Overweight among students aged 11–15 years and its relationship with breakfast, area of residence and parents’ education: results from the Italian HBSC 2010 cross-sectional study
1 CREPS - Center of Research for Health Education and Promotion, Department Molecular and Developmental Medicine, University of Siena, Via A. Moro 2, 53100 Siena, Italy
2 National Center for Epidemiology, Surveillance and Health Promotion, National Institute of Health, Roma, Italy
3 Department of Public Health and Pediatrics, University of Torino, Torino, Italy
Nutrition Journal 2014, 13:69 doi:10.1186/1475-2891-13-69Published: 5 July 2014
The international increase in overweight and obesity among children and adolescents over the past three decades confirms that childhood obesity is a global ‘epidemic’. The World Health Organization considers childhood obesity to be a major public health concern. Childhood obesity is associated with cardiovascular, endocrine, musculoskeletal and gastrointestinal complications, and may have psycho-social consequences. The aim of this paper is to examine overweight (including obesity) prevalence and its association with geographic area of residence, parental education and daily breakfast consumption in Italian students aged 11–15 yrs.
A nationally representative sample of 11–15 year old students from 20 Italian Regions (Italian Health Behaviour in School-aged Children 2010-HBSC) was randomly selected (2,504 schools and 77,113 students).

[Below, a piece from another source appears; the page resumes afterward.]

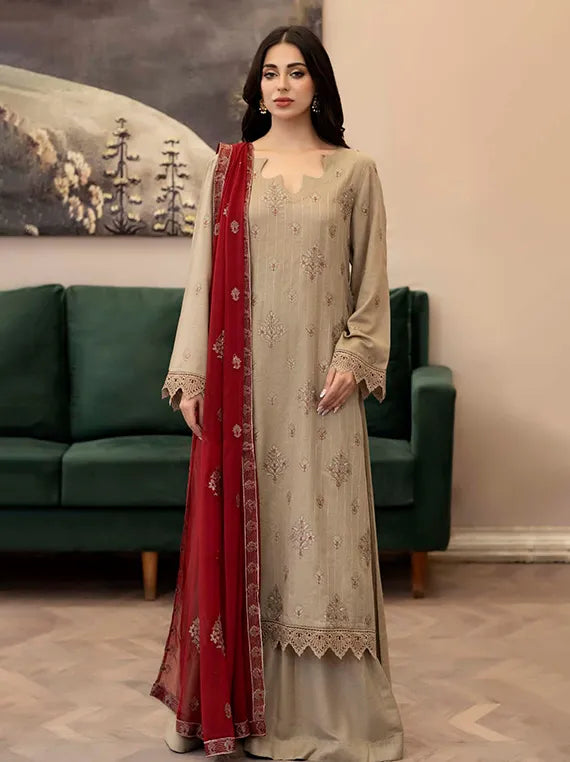 NOOR-E-FAJAR Marjjan Embroidered Karandi Collection 2025 by Raeesa (KR-234)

Self-reported anonymous questionnaires, prepared by the international HBSC network, were used to collect the data. BMI was calculated using self-reported weight and height and the International Obesity Task Force cut-offs. Multiple logistic regressions were performed to assess the relationship between the risk of overweight and parental education, area of residence and breakfast consumption in each age group and gender.
Boys were more likely to be overweight or obese than girls (28.1% vs. 18.9% at 11 yrs-old, 24.8% vs. 16.5% at 13 yrs and 25.4 vs. 11.8% at 15 yrs). The prevalence of overweight and obesity was lower among the older girls. Overweight and obesity rates increased from the North of Italy to the South in both boys and girls and in all age groups. Boys 11-15 yrs living in southern Italy had an OR=2.05 (1.77-2.38) and girls 2.04 (95% CI 1.70-2.44) for overweight (including obesity) compared with those living in the North. Parent’s low educational level and no daily breakfast consumption were also associated with overweight including obesity (p<0.05).
The prevalence of obesity and overweight in Italian school-children 11-15 yrs old are high, in particular in the South and in boys. These findings suggest appropriate interventions are needed, at the community as well as the individual level, in particular in the southern regions. However, more research is warranted on intermediary factors to determine which interventions are likely to be most effective.